Mientras escalaba con un alpinista coreano el Broad Peak, una piedra desprendida por su compañero de cordada estuvo a punto de matarlo. Pasó tres días solo en el campo tres, a siete mil metros, con la pierna derecha inutilizada. Al final se decidió a lanzarse montaña abajo, arrastrando su pierna herida, para buscar la seguridad del campo base. Su trabajo no había sido en vano pues tres alpinistas de la expedición consiguieron hacer cumbre, pero en la bajada uno de ellos murió.
La experiencia le resultó premonitoria. Al regresar a su aldea su mujer, Najima, le preguntó, al verle en un estado tan lamentable: “¿qué haremos en casa si tu mueres?”. Karim comprendió que tenía razón y le prometió que ya no volvería a escalar montañas tan altas.
Hoy, ‘Little Karim’ debe rondar los sesenta años y se nota “menos fuerte que antes”; es una edad avanzada para la media de sus convecinos y la dureza de la vida que llevan. El promedio de vida en esa zona no debe superar los cincuenta y cinco años y Karim ya es tratado en la aldea como un anciano venerable. Pero aquí sigue llevando grupos de ‘trekking’ al Gondogoro y a montañas de seis mil metros. Nunca ha dejado de amar la montaña. Y no porque sea su principal fuente de ingresos sino de otra forma, como objeto de pasión y deseo.

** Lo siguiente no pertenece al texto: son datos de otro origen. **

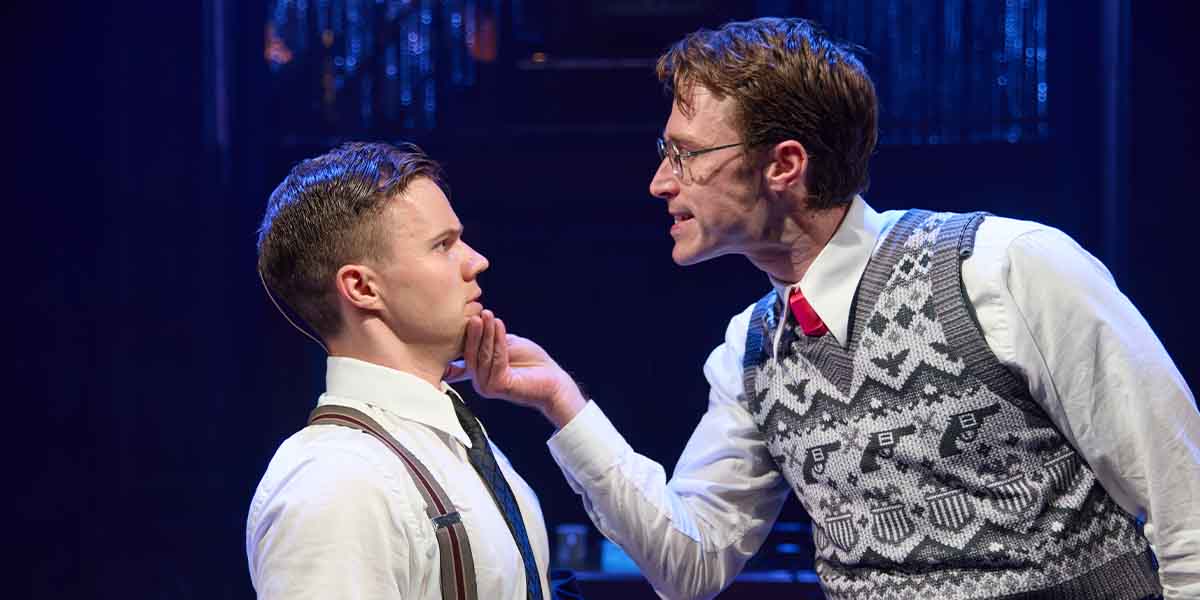 Ryan Heenan and Hugo Bolton perform a tense scene, with Bolton gripping Heenan's chin, under dramatic lighting.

Le entiendo perfectamente. De la misma manera que se ama a una mujer. De la misma forma que lo hacemos los montañeros. El año pasado subimos juntos al paso del Gondogoro y a casi seis mil metros nos paramos a ver amanecer contemplando el milagro de convertirse en oro puro el mar encrespado de cimas del Karakorum: los Gasherbrum, el Broad Peak, el Chogolisa, el K2 , el Masherbrum y tantas otras. En silencio, absortos en el milagro, he visto cómo a mi amigo le brillaban sus ojos oscuros. No eran los ojos de una vida acabada y apagada. En ellos encontré la mirada clara, profunda e intensa, de un niño; de un sueño de infancia, de un rescoldo que arderá mucho tiempo después de apagada la llama.
Ha escrito mi maestro, el geógrafo Eduardo Martínez de Pisón, que el Karakorum es uno de esos grandes paisajes que pueden conformar un territorio moral paralelo en quienes lo viven con talante abierto y libre, un espacio interior que forja el carácter de los hombres, como los porteadores del valle de Hushe. Grandes hombres como Abdul Karim, nuestro amigo ‘Pequeño Karím’.
Por eso todos los años, desde hace ya treinta, vuelvo al Karakorum.